The model doesn't learn what "relevant" means from a thousand right answers. It learns it from the wrong answers that were one degree away from right.

There's even a ceiling worth knowing: in practice the gains plateau around 40 negatives per query. More than that buys little. The loss function doing the work is usually MultipleNegativesRankingLoss, which also recruits the rest of the batch as in-batch negatives for free.

The win-win nobody advertises

Fine-tuning is normally a tradeoff: more accuracy, more cost. Embeddings can be the rare exception, because of Matryoshka Representation Learning. Train with a Matryoshka loss and the model packs the most important information into the first dimensions of every vector, so you can truncate them later with almost no loss: ~99% of full quality at 128 dimensions, >99.5% at 256.

The startling consequence from the worked example: the fine-tuned model at 64 dimensions outperforms the off-the-shelf baseline at 768. That's a 12× smaller vector that's also more accurate on your data. Cheaper storage, faster nearest-neighbor search, lower latency — and better retrieval. You almost never get both directions at once. Here you do.

Where the real cost hides

So why isn't everyone doing this? Because the cost isn't the training run — it's everything around it. Fine-tune your embedding model and every vector you've ever stored is now computed by a different function; you have to re-embed the entire corpus to make old and new vectors comparable. On a large index that migration is the expensive part, not the gradient descent. And a fine-tuned model is a snapshot of a moment: as your documents drift, the model that was tuned to last quarter's language slowly decays, and you're back at the keyboard.

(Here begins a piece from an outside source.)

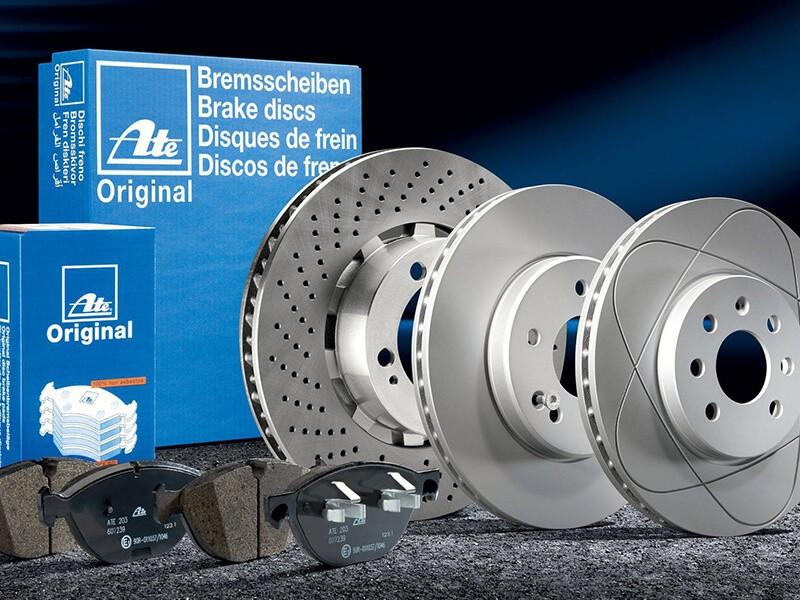 OEM brake closeup
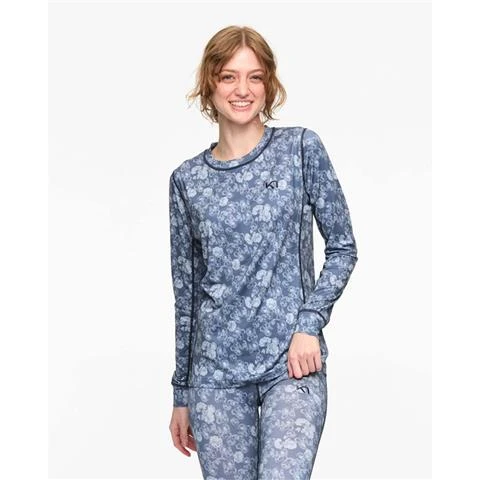 Kari Traa Fantastisk Ls - Women's Kari Traa Fantastisk Ls - Women's -Ladies Skiing Store 623003 rmisty model 1 2223fw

That's the honest decision rule. Fine-tune embeddings when your corpus is stable and full of domain-specific language the base model never saw — legal, medical, internal jargon, a product nobody's written about. Don't bother when the domain is generic (a good off-the-shelf model already handles it) or when your data changes weekly.

And try the cheaper levers first. Better chunking, hybrid search, and especially a reranker often close most of the gap with zero training. Fine-tuning the embedding model is what you reach for when those run out — and it remains a smarter first move than fine-tuning the LLM, which can't retrieve what retrieval never found.